Re: THEORY: final features, moras, and roots [was: it's what I do]
From: | <togonakamane@...> |
Date: | Thursday, October 19, 2000, 11:53 |
In a message dated 10/4/00 8:00:08 PM Eastern Daylight Time,
jeffsjones@EARTHLINK.NET writes:
> Then, when the Japanese developed characters for pronunciation
> (I always forget which is hiragana and which is katakana!)
kanji: pictographic characters, each of which has a meaning or meanings.
Various meanings may have seperate sounds, AND even one meaning may have both
a Japanese and a Chinese (kun and on, I think respectively) pronunciation,
depending if it's in a compound.
hiragana: syllabic characters, used for native words and for grammatical
affixes on words written in kanji. When hiragana are written small beside or
above kanji to mark pronunciation, they are called (I think) rubii or
okurigana (I might be wrong; okurigana may refer to hiragana used in affixes).

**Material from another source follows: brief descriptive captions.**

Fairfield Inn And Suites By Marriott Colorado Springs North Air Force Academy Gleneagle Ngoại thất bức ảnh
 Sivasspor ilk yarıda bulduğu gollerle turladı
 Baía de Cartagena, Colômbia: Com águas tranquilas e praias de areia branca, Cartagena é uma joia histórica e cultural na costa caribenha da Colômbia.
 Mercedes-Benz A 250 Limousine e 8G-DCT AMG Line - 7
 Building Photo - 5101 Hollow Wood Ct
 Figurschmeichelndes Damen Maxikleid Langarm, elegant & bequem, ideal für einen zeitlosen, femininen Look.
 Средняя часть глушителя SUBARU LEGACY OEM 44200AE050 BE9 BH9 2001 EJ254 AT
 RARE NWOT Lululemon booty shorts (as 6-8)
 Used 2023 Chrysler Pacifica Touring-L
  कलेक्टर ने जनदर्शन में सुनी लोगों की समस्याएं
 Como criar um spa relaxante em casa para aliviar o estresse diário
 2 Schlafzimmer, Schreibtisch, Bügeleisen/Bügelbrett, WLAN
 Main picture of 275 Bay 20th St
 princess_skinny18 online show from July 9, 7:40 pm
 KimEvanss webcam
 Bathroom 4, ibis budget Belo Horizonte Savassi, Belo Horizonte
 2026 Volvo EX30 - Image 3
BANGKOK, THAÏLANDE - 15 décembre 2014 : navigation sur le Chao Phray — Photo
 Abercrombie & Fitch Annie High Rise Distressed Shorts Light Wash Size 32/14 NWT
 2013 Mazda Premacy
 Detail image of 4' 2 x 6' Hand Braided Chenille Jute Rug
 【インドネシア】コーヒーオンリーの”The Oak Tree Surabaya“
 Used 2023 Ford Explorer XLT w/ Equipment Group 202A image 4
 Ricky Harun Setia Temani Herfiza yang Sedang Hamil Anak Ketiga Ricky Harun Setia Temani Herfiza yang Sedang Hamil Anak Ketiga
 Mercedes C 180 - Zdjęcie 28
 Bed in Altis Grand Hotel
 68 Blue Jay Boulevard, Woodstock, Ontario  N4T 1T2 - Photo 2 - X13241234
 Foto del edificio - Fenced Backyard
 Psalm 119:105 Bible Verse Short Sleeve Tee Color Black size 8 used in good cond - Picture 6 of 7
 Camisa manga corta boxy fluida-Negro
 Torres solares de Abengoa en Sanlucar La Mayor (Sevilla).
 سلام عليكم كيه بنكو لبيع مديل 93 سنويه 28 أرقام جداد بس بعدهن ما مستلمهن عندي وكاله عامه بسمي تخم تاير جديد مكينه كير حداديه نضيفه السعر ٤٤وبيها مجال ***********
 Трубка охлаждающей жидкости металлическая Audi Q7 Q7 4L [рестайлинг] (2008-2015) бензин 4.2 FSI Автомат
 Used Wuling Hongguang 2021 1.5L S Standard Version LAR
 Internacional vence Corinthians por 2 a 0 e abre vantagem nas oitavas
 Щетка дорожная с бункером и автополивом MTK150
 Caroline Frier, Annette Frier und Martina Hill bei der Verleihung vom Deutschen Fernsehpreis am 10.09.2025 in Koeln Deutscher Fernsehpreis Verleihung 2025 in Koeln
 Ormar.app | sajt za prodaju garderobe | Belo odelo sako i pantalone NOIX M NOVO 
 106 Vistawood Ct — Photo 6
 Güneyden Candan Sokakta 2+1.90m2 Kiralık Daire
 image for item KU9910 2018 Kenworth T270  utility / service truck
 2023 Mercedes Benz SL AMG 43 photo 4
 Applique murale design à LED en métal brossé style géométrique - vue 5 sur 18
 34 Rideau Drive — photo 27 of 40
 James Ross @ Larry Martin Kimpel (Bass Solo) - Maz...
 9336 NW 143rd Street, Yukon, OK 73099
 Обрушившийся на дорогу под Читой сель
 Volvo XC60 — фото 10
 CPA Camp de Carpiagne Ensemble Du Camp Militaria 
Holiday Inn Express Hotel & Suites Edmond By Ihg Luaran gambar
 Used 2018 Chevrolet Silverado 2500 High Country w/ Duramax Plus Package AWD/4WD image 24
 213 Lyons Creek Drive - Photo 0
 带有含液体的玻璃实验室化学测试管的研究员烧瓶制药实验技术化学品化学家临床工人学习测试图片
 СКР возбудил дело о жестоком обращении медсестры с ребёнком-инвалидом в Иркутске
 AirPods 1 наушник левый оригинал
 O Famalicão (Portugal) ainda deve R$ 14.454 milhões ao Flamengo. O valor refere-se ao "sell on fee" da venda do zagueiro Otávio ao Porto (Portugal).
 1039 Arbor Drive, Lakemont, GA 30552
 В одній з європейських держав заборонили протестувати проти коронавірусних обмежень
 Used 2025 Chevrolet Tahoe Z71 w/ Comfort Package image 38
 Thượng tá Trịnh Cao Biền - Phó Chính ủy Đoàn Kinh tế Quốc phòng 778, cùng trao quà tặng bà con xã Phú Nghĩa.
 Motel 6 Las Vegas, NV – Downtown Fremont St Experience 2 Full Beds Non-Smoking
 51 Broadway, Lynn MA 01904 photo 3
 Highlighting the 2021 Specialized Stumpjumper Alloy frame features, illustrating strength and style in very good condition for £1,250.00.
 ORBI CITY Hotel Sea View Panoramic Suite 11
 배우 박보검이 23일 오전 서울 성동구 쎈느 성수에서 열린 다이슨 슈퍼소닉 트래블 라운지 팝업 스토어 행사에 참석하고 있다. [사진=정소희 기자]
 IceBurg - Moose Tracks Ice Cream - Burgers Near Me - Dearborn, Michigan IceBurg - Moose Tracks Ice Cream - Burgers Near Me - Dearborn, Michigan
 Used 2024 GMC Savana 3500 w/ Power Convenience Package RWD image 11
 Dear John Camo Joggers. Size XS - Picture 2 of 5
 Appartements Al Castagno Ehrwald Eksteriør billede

katakana: syllabic characters that match basically one for one to the
hiragana, although some characters have recently been added (for things like
"che" that the hiragana can't reproduce). Katakana are used for borrowed
words (The words "iced tea", "aisu tii", are written in katakana, for
example), or the way we use italics for emphasis. Katakana are much more
angular than the curved hiragana, and rather than using the vowel character
for the second half of long vowels, a horizontal line is used.
I'm afraid I don't know what the roots in the words mean, aside from the fact
that "kana" in general covers all the syllabic characters, from both sets
(and I suspect "kana" is related to "kanji").